= Beginning of Section =

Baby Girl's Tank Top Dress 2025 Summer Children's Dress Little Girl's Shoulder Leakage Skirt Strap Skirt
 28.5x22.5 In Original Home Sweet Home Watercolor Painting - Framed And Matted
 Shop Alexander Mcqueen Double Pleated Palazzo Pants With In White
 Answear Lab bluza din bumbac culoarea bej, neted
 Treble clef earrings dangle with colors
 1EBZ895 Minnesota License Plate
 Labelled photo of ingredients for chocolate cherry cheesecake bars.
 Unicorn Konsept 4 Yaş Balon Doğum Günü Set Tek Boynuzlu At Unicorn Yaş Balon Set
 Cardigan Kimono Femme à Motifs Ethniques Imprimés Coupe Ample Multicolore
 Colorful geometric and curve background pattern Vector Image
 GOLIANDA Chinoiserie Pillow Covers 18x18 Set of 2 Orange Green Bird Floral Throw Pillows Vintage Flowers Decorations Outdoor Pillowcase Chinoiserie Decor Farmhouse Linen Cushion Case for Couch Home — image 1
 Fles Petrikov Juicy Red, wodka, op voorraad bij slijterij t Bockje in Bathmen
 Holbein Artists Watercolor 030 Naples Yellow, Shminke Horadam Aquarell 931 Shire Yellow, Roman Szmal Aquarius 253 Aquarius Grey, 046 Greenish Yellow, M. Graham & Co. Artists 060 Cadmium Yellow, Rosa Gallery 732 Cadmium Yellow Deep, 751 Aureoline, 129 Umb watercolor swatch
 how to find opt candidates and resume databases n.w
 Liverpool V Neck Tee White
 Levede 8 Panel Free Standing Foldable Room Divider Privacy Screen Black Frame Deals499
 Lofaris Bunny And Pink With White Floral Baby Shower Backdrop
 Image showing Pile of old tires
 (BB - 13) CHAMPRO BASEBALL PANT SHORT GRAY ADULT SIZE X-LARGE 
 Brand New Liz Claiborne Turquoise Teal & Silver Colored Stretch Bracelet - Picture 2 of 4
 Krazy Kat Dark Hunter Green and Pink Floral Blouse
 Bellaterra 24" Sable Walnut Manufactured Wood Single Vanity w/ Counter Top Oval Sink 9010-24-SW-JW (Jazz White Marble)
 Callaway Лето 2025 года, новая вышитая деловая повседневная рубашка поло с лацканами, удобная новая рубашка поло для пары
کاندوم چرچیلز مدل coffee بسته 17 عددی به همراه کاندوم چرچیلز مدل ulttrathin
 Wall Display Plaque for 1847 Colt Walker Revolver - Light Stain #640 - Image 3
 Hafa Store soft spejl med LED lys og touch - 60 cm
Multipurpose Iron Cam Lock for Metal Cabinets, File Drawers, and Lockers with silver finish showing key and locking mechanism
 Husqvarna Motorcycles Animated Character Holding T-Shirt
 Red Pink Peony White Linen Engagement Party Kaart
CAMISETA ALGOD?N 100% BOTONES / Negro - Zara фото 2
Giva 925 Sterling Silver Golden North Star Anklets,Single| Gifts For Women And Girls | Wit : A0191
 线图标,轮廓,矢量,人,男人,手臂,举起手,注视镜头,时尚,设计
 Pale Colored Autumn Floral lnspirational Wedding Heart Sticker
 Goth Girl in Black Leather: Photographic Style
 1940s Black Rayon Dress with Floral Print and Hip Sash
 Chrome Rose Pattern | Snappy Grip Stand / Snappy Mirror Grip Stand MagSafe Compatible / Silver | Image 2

= End of Section =

» **TASK DESCRIPTION**:
Wherever the line holding "Cardigan Kimono Femme" falls in the entries above, copy exactly from it through the line holding "GOLIANDA Chinoiserie Pillow", inclusive, and add nothing.

» **WRITTEN SOLUTION**:
 Cardigan Kimono Femme à Motifs Ethniques Imprimés Coupe Ample Multicolore
 Colorful geometric and curve background pattern Vector Image
 GOLIANDA Chinoiserie Pillow Covers 18x18 Set of 2 Orange Green Bird Floral Throw Pillows Vintage Flowers Decorations Outdoor Pillowcase Chinoiserie Decor Farmhouse Linen Cushion Case for Couch Home — image 1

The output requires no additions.